Finland's main political parties and the state government carry the responsibility for creating a policy on immigration. If they continue to shove it to the back burner, the public's dissatisfaction will quietly swell and explode in a hail of votes for the True Finns Party. That's who will gather up the voices of dissatisfied loners, craftsmen, professors, colonels and entrepreneurs.
The True Finns don't even have to try particularly hard any more. Thanks to party leader Timo Soini, the party is already seen by many to be a plucky bullhorn for the conscience of the common man. Soini would be wise to smooth over any controversy as much as possible.
This trend could lead to a situation where the True Finns, who now have only two seats in Parliament, are suddenly rewarded with more than twenty. The shock would be horrific. Finnish government would become much more complicated.
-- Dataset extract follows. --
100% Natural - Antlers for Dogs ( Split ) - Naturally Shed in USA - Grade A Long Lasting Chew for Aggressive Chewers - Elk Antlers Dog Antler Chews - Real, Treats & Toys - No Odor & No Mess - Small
Finland needs immigrants. And as a Nordic democracy, the country also has responsibilities to human rights. It is entirely possible to reconcile the humanitarian point of view with the national economy's need for skilled immigrants.
The route laid out by Nobel Peace Prize-winner Martti Ahtisaari in the recent historic meeting of living Finnish presidents represents the voice of reason.
Embracing a naïve refugee policy would lead to a calamitous atmosphere. On the other hand, it is in the national economy's best interests to encourage skilled foreigners to move here. At the same time Finland can live up to its humanitarian obligations by taking in refugees as much as such a small country can be expected to. This way we will also ensure a less bumpy ride for our democracy.